** Exercise input follows **
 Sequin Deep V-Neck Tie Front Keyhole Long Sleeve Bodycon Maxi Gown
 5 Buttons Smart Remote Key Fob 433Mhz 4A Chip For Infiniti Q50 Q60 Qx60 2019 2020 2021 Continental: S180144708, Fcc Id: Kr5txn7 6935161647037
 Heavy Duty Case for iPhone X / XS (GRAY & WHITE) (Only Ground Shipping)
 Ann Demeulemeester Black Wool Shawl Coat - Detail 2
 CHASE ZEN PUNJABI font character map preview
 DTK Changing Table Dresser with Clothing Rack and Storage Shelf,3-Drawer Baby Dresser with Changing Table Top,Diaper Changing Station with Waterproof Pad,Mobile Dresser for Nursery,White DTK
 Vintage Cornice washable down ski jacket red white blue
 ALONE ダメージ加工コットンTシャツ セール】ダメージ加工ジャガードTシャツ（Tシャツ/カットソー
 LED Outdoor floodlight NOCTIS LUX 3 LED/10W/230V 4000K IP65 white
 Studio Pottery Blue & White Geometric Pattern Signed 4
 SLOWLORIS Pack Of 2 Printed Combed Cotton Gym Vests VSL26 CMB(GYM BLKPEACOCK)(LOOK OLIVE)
** End of Exercise input **
Instructions for the task >> From the line holding "ALONE ダメージ加工コットンTシャツ セール】ダメージ加工ジャガードTシャツ（Tシャツ/カットソー" to the final line of the data, output each line exactly and nothing more.

Output >>
 ALONE ダメージ加工コットンTシャツ セール】ダメージ加工ジャガードTシャツ（Tシャツ/カットソー
 LED Outdoor floodlight NOCTIS LUX 3 LED/10W/230V 4000K IP65 white
 Studio Pottery Blue & White Geometric Pattern Signed 4
 SLOWLORIS Pack Of 2 Printed Combed Cotton Gym Vests VSL26 CMB(GYM BLKPEACOCK)(LOOK OLIVE)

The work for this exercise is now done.